Records to process:
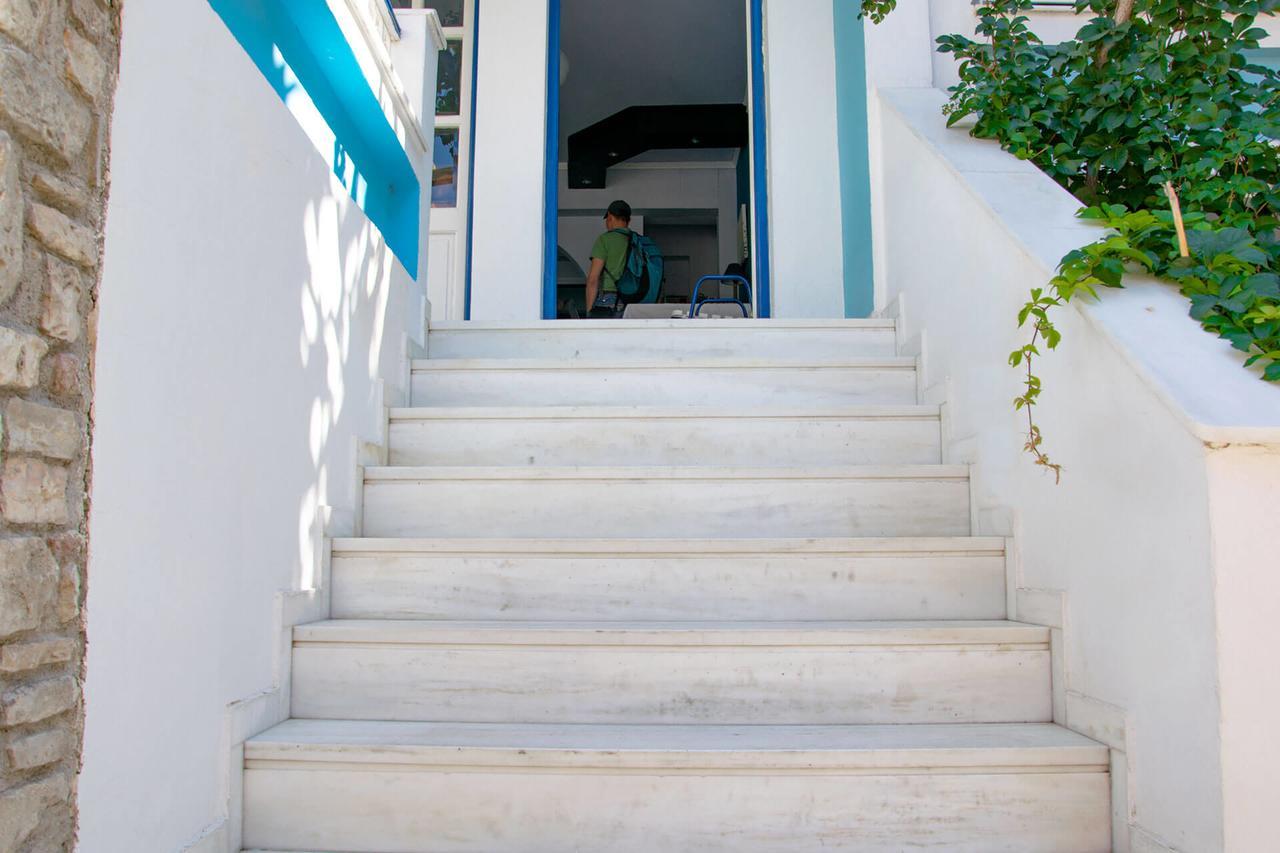 Hotel Mariona بيثاغوريو المظهر الخارجي الصورة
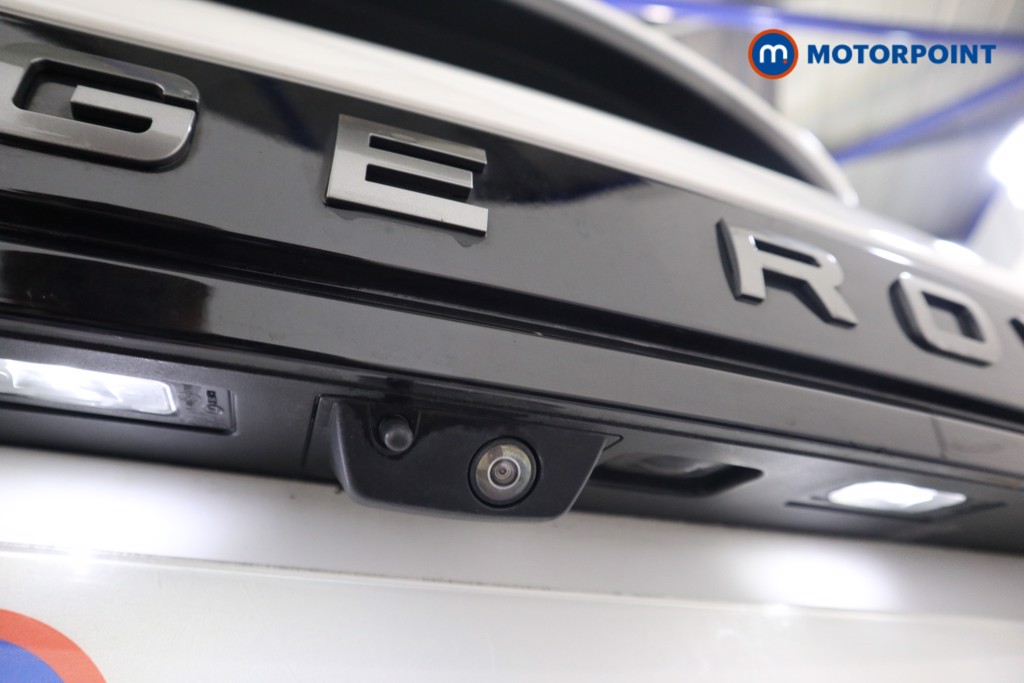 Land Rover Range Rover Evoque R-Dynamic S Automatic Diesel SUV - Stock Number (1564357) - 18th supplementary image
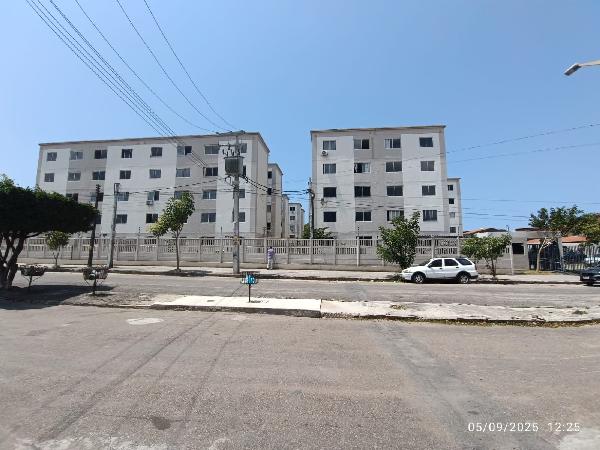 Apartamento da Caixa em FORTALEZA / CE - 8787716656438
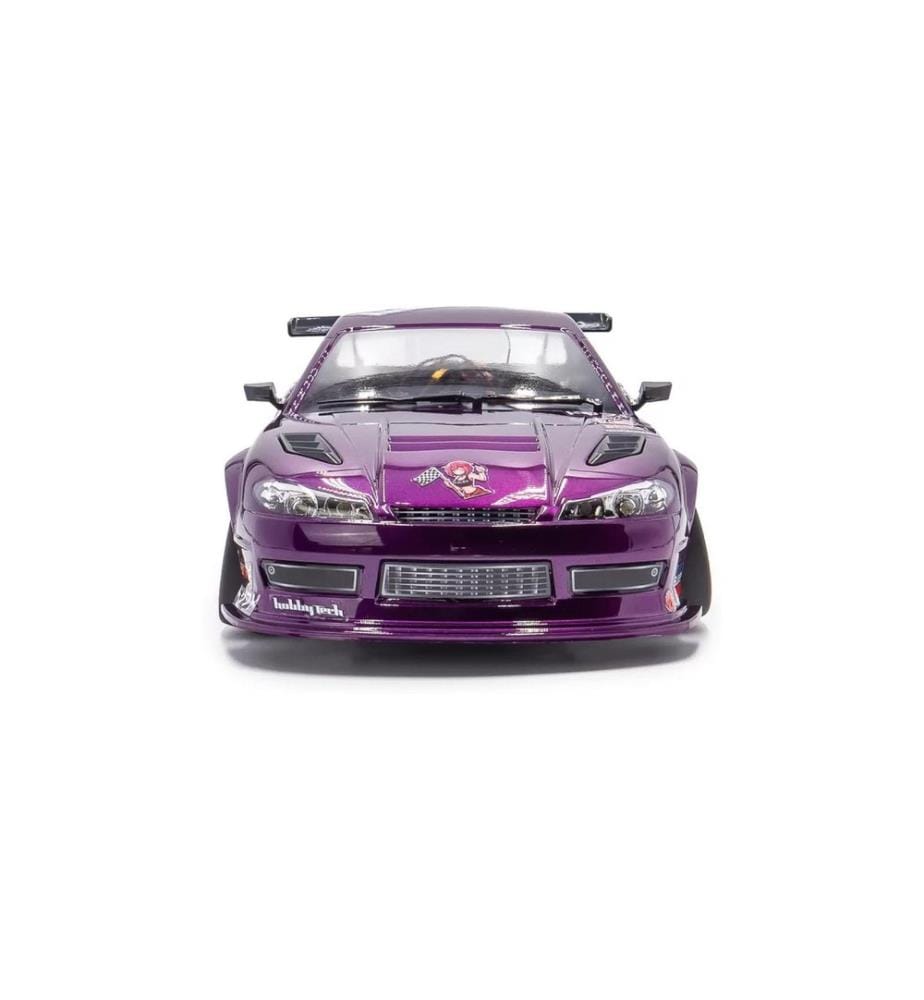 Hobbytech Drift OVER-D10 S15 1:10 RTR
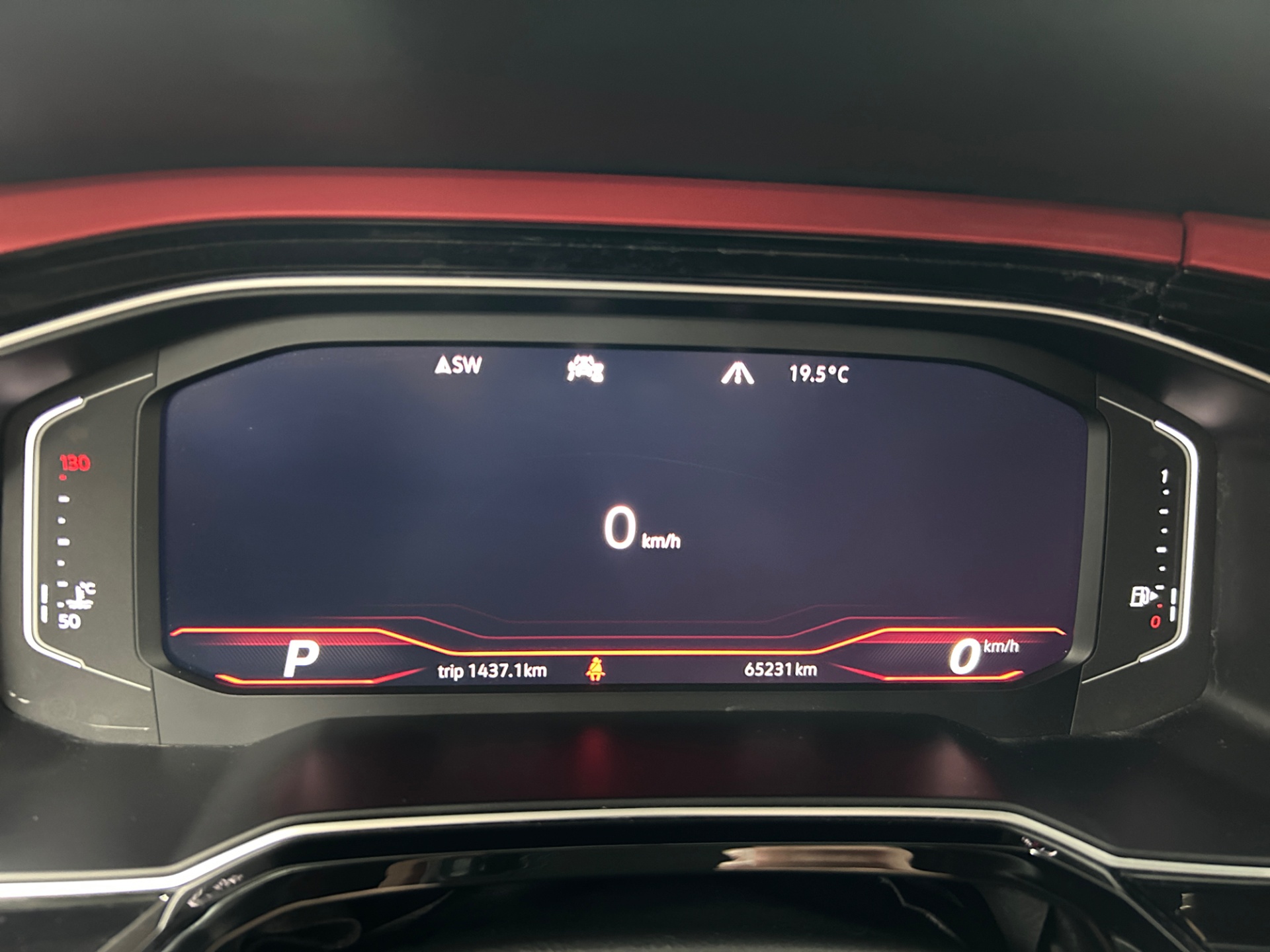 VOLKSWAGEN Polo 2020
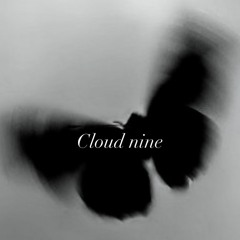 Cloud nine (feat. fridaycomeup)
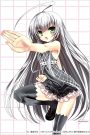 Haiyore! Nyaruko-san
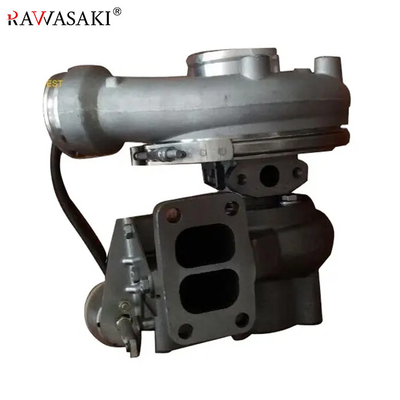 वोल्वो BL60 BL61 BL70 BL71 के लिए खुदाई इंजन टर्बो 21496608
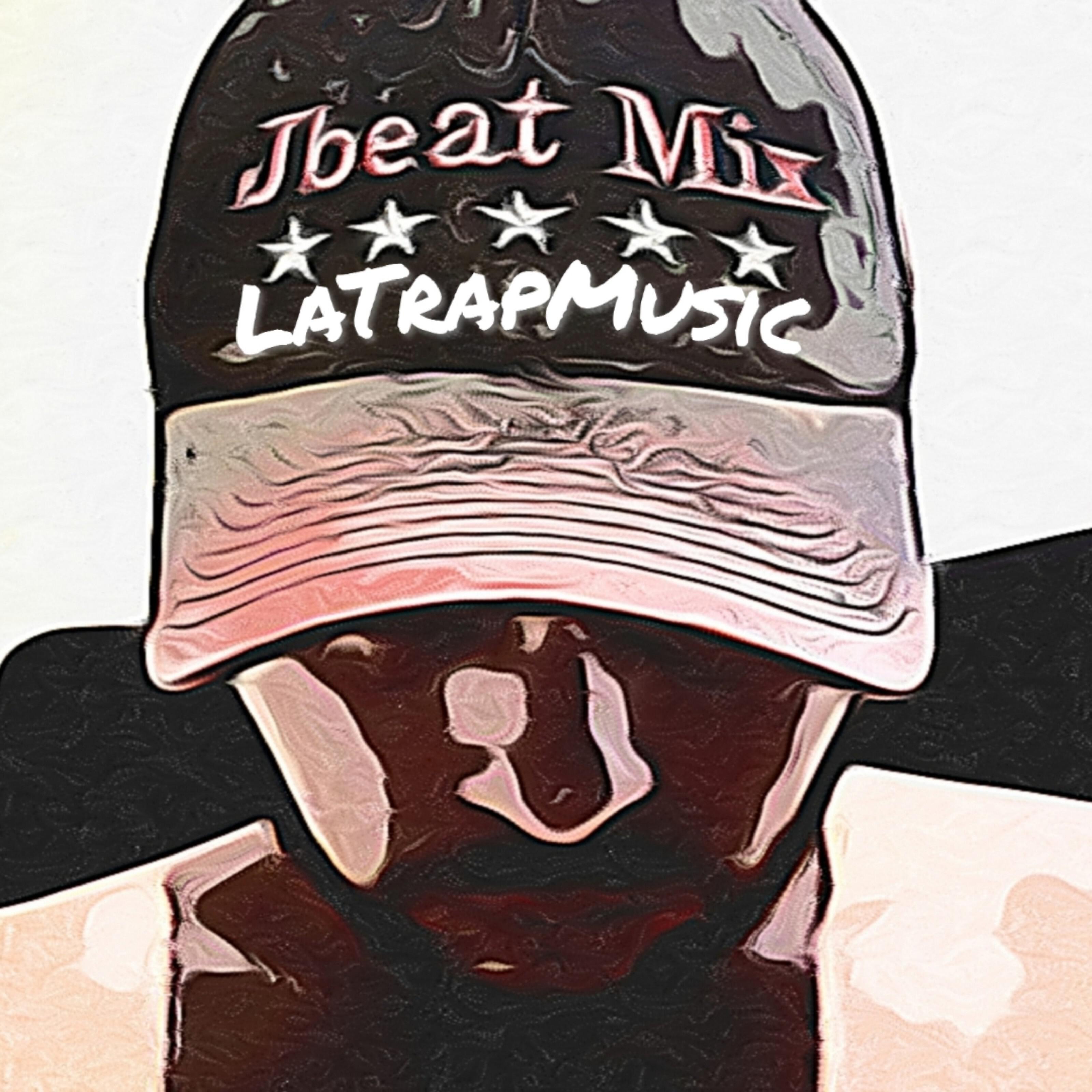 Jbeat Mix - Me Contagie De La Soledad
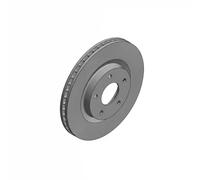 ZIMMERMANN 200.2518.20 Disque de frein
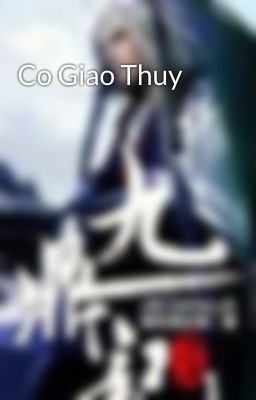 Co Giao Thuy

Work task:
Please retype the data exactly, but do not carry over any picture.

Reply to the task:
 Hotel Mariona بيثاغوريو المظهر الخارجي الصورة
 Land Rover Range Rover Evoque R-Dynamic S Automatic Diesel SUV - Stock Number (1564357) - 18th supplementary image
 Apartamento da Caixa em FORTALEZA / CE - 8787716656438
 Hobbytech Drift OVER-D10 S15 1:10 RTR
 VOLKSWAGEN Polo 2020
 Cloud nine (feat. fridaycomeup)
 Haiyore! Nyaruko-san
 वोल्वो BL60 BL61 BL70 BL71 के लिए खुदाई इंजन टर्बो 21496608
 Jbeat Mix - Me Contagie De La Soledad
 ZIMMERMANN 200.2518.20 Disque de frein
 Co Giao Thuy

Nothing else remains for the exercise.